Samantha Prahalis had 16 points and eight assists for Ohio State.
But Monday belonged to Lady Lions, who dominated the Buckeyes on the boards, 60-32.
Penn State held a 29-8 advantage on the offensive glass, and outscored Ohio State 29-0 in second-chance points.
"This might be the worst we rebounded (in) my life," Buckeyes coach Jim Foster said, "and certainly the least competitive."
Maggie Lucas added 12 points and 10 rebounds, the first time that Penn State had three players with double-doubles since 2008.
Nickson said Penn State was just in the "right place at the right time." Sitting next to Greene and Nickson, Lucas was less diplomatic.
"And they're beasts inside," Lucas said, referring to the post players. "I don't think it's just right place at the right time."
Their loyal fans celebrated in the stands, waving white pom-poms. Happy Valley hasn't celebrated a conference title in eight seasons, when Rene Portland coached Penn State. Current men's basketball coach Patrick Chambers applauded courtside, as did Paterno's successor, Bill O'Brien.
"We are ... Penn State," exclaimed the fans with 1 minute left and the Lady Lions leading by 18. The pep band then broke out into an impromptu rendition of the alma mater while Penn State brought the ball up one last time.
Off-court issues forced Portland out in 2007. Washington took over, needing five seasons to get the program back atop the Big Ten.

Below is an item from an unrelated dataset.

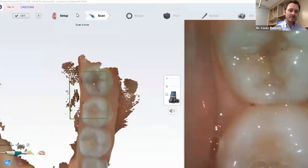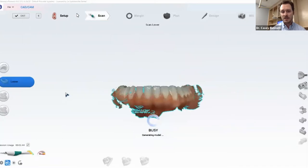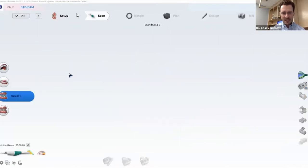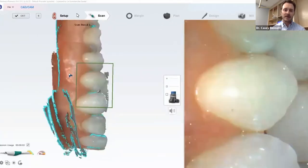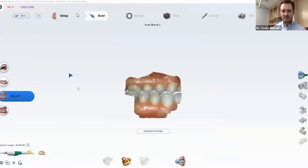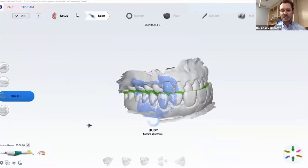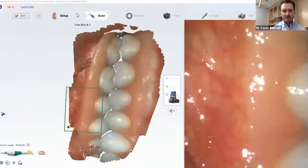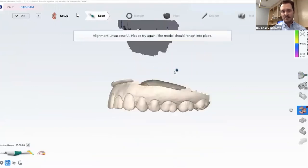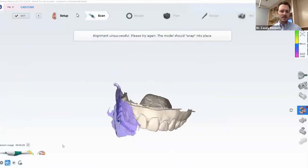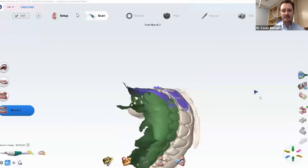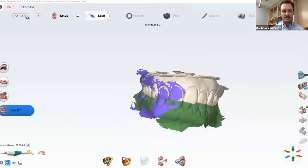I sped up the lower arch in the video because I didn't want you sitting watching me scan forever. It only took a minute and 40 seconds per arch, and that's me taking my time. Now getting the bite registration — I like doing a bilateral bite. The first bite stitched in eight seconds. The second bite didn't stitch automatically, which is actually a good example — you can manually take that bite registration and drop your models into it to align it. No worries if it doesn't automatically stitch; it normally does.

Her star backcourt of Alex Bentley and Lucas, who combine to average nearly 25 points a game, often draw much of the attention.
But it was Greene and Nickson who led the first-half charge against Ohio State.
"Tonight was a night for our post, and our guards were very pleased to sit back and watch them go to work," Washington said.
Greene had a double-double in the first half alone with 16 points and 10 boards. She showed a lethal combination of muscle and athleticism after grabbing offensive rebounds with 3:50 left in the first half, deftly stepping around a defender on the baseline on the second attempt for a layup and a 37-26 lead.
They didn't stop hustling in the second half even with a safe lead.
After missing a layup, Nickson tapped the loose ball to the backcourt, where Lucas picked it up and found Greene. She posted up for another easy bucket and a 74-54 lead with 6:19 left.
All five Penn State starters scored in double digits.
Tayler Hill had 16 points for the Buckeyes, while Kalpana Beach added 12.
Penn State also frustrated Ohio State defensively. The Buckeyes never seemed to get in rhythm offensively, held to 40 percent from the field. They were tops in conference in shooting entering the night at 47.7 percent.
"At some point in time you get embarrassed, at some point in time you get competitive," Foster said. "At some point in time you wake up to the challenge. And we did not."